Standard spell-checkers operate at the character level. They look at a word, find the closest dictionary entry, and swap it in. That works fine for simple typos like teh → the. But it fails completely when the misspelling produces a real, valid word in a totally different domain.
"moth ball" (two words, a cricket/snooker term) versus "mothball" (one word, a pest-control product) are both perfectly valid English — but they send a search engine into entirely different domains. A character-level correction model has no way to detect this. The query looks clean. The intent is broken.
This is the problem this project targets: semantic drift caused by spacing and compounding errors. Not character noise — meaning noise.
A sequence model (fine-tuned BERT) flags tokens likely to be noisy — either misspelled, wrongly spaced, or phonetically drifted. Unlike rule-based systems, it uses surrounding context to decide whether a word is suspicious.
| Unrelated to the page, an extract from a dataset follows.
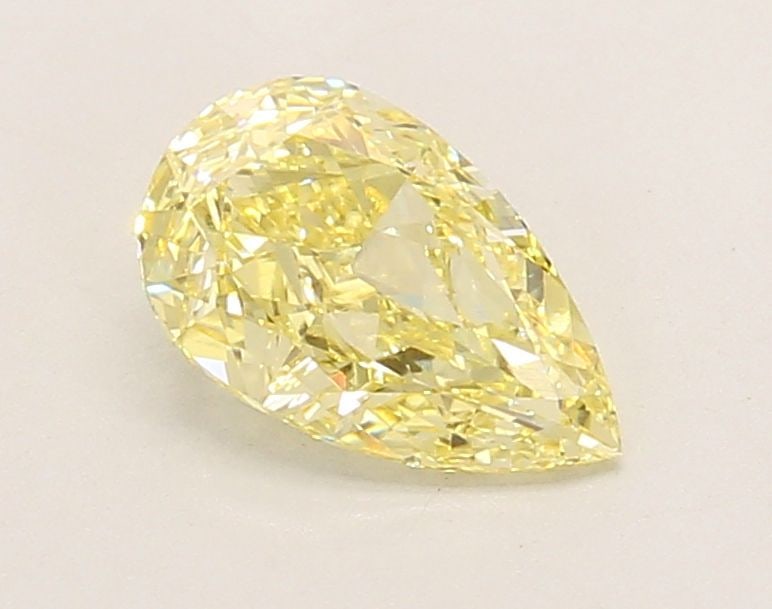 Loose Diamond - PEAR 1.03ct Fancy Intense Yellow VVS2: Loose Diamond - PEAR 1.03ct Fancy Intense Yellow VVS2 Source: This is a real non-mined Diamond that has been grown in a lab Shape: PEAR Carats: 1.03 Color: Fancy Intense Yellow Certification: IGI Vide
A seq2seq denoiser (T5-small) rewrites the flagged query. Crucially, it is trained on pairs where the semantic domain shifts — not just surface-level character edits. It learns to recover compound words and domain-correct alternatives.
A lightweight intent classifier confirms the corrected query lands in the right domain before it reaches the ranking model. If intent is uncertain, both queries are run in parallel and results are merged.
Measured on a synthetic dataset of meaning-changing errors plus a hand-labelled sample of real search logs. Metrics: domain accuracy, BLEU, and ranking NDCG delta.